What is expected - Set down exactly the lines in the records below that run from the line with "Rolex Day-Date 118208" to the line with "d'arte originale, Pastello", inclusive, and nothing more.
BEGIN
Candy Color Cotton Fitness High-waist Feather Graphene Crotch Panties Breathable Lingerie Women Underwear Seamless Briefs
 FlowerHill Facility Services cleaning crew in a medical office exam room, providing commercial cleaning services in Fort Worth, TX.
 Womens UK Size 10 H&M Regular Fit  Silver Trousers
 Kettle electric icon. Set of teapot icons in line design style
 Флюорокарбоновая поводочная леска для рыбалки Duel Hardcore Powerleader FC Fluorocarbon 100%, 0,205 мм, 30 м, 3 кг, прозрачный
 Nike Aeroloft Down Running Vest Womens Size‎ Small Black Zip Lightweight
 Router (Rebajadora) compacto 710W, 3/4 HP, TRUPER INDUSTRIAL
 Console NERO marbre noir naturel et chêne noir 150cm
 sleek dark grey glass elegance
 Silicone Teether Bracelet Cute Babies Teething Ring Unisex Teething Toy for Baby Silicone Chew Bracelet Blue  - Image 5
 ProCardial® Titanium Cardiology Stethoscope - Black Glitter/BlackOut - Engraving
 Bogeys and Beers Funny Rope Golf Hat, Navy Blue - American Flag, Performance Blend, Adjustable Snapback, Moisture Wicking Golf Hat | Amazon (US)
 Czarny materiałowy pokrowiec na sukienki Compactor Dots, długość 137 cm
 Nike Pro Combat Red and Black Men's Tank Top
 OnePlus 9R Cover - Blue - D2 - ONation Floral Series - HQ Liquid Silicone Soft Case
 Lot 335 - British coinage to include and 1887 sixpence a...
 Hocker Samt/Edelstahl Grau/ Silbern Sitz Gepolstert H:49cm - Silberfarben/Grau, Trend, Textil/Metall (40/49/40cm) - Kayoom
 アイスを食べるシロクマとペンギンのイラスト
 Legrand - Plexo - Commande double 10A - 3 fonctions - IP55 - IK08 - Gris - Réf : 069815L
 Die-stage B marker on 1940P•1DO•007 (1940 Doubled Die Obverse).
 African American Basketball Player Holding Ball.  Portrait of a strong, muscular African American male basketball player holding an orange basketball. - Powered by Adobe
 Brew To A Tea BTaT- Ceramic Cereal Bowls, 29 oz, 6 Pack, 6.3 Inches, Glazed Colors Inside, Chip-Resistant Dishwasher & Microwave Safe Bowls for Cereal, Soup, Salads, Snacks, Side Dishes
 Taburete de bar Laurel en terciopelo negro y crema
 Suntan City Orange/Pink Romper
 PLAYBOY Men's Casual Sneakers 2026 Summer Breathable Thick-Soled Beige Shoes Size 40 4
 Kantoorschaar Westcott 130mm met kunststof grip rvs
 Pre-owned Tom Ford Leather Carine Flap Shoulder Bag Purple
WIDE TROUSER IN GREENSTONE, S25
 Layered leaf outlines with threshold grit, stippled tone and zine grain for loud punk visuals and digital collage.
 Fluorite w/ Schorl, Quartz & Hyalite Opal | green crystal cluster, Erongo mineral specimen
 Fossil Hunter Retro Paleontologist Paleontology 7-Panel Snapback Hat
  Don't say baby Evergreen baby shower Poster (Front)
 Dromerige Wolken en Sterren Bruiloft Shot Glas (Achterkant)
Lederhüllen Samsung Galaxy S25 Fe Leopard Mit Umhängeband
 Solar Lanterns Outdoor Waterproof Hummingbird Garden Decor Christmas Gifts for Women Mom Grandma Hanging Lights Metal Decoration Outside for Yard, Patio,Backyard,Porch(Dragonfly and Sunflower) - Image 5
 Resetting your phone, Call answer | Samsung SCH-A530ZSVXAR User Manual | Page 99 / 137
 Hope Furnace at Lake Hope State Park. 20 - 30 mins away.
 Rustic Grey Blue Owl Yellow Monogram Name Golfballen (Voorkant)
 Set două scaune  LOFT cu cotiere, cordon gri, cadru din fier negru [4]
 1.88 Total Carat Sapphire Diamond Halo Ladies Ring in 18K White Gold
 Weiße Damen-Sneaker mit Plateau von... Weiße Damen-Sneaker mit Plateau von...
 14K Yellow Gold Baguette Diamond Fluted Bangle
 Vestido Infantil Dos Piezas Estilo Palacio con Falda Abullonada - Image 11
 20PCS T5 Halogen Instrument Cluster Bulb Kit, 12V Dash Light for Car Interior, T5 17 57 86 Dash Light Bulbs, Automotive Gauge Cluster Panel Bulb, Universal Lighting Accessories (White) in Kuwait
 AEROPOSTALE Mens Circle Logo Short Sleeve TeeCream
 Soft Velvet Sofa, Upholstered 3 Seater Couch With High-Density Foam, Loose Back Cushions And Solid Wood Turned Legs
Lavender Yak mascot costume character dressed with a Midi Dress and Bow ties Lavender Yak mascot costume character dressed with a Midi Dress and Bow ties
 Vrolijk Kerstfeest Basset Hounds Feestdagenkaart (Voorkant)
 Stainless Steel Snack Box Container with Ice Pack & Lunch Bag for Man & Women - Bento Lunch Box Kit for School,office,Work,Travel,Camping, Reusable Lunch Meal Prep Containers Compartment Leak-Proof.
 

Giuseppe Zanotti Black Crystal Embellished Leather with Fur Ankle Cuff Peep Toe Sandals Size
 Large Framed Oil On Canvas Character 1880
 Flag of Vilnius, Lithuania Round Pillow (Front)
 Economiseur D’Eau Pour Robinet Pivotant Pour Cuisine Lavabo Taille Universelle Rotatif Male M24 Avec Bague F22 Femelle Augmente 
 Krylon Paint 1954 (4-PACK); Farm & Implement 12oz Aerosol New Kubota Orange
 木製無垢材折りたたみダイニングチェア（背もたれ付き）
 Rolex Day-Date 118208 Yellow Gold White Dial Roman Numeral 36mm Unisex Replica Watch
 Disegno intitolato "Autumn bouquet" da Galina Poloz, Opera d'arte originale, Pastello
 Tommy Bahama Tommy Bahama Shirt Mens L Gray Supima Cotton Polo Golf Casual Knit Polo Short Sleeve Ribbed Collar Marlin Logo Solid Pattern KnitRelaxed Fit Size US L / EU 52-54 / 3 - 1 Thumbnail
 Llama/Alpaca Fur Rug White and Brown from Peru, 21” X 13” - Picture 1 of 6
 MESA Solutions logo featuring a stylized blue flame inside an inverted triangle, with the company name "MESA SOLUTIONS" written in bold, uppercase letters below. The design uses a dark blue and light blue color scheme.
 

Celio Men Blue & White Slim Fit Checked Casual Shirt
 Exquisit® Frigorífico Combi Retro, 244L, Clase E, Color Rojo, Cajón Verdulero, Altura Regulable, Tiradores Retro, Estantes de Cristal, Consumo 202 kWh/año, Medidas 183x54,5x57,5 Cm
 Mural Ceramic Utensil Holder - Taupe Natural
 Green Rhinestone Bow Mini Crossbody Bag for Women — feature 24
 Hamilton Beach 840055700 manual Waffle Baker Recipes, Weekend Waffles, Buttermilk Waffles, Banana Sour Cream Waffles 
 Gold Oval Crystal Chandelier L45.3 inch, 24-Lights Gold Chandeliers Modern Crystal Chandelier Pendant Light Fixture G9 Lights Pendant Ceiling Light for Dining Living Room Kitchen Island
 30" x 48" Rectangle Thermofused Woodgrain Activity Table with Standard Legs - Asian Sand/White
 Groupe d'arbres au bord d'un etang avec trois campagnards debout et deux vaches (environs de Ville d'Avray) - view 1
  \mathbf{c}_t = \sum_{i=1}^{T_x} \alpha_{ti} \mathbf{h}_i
END
Task output -
 Rolex Day-Date 118208 Yellow Gold White Dial Roman Numeral 36mm Unisex Replica Watch
 Disegno intitolato "Autumn bouquet" da Galina Poloz, Opera d'arte originale, Pastello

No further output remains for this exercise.